For fixed \(x \in \mathbb {T}^d\), let \({\varvec{q}_x :=\varvec{V}_0 \varvec{V}_0^{*}\varvec{e}^{(n)}_{x}} \in \ker \varvec{T}_n\) such that we identify this vector of coefficients with the polynomial satisfying \({q_x(x)} = {\varvec{e}^{(n)}_{x}}^{*}\varvec{q}_x=\sum _{j=r_n+1}^N \left| v^{(n)}_j(x)\right| ^2 = N p_{0,n}(x)\).

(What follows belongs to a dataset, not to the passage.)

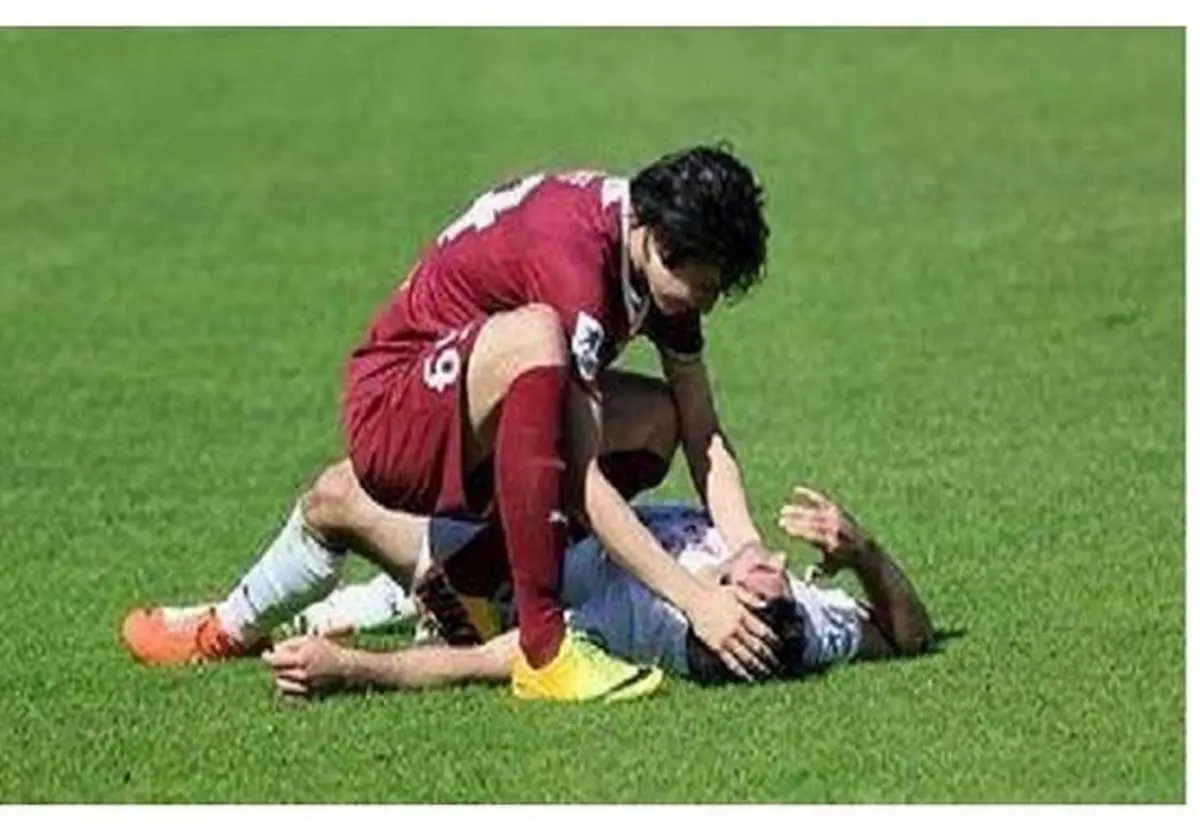 آزمون بازیکن حریف را بیهوش کرد +عکس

For all \(\varvec{p} \in \ker \varvec{T}_n\), we have

$$\begin{aligned} \varvec{q}_x^{*}\varvec{p}= {\varvec{e}^{(n)}_{x}} ^{*}\varvec{V}_0 \varvec{V}_0^{*}\varvec{p}= {\varvec{e}^{(n)}_{x}}^{*}\varvec{p}= p(x). \end{aligned}$$

In particular, note that

$$\begin{aligned} {\left\| \varvec{q}_x\right\| _{2}}^2 = \varvec{q}_x^{*}\varvec{q}_x = {\varvec{e}^{(n)}_{x}}^{*}\varvec{V}_0 \varvec{V}_0^{*}\varvec{e}^{(n)}_{x}= N p_{0,n}(x). \end{aligned}$$
(4.9)

Therefore, by the Cauchy–Schwarz inequality, it follows that

$$\begin{aligned} \left| p(x) \right| ^2 = \left| \varvec{q}_x^{*}\varvec{p} \right| ^2 \le {\left\| \varvec{q}_x\right\| _{2}}^2 \cdot {\left\| \varvec{p}\right\| _{2}}^2 = N p_{0,n}(x) \cdot {\left\| \varvec{p}\right\| _{2}}^2. \end{aligned}$$

Hence, we have

$$\begin{aligned} p_{0,n}(x) \ge \max _{\varvec{p}\in \ker \varvec{T}_n\setminus \{\varvec{0}\}} \frac{\left| p(x) \right| ^2}{N {\left\| \varvec{p}\right\| _{2}}^2} \ge \frac{\left| q_x(x) \right| ^2}{N {\left\| \varvec{q}_x\right\| _{2}}^2} = p_{0,n}(x), \end{aligned}$$

if \(\varvec{q}_x\ne \varvec{0}\). The first inequality also holds when \(\varvec{q}_x=\varvec{0}\) such that the result follows due to (4.9) in this case. \(\square \)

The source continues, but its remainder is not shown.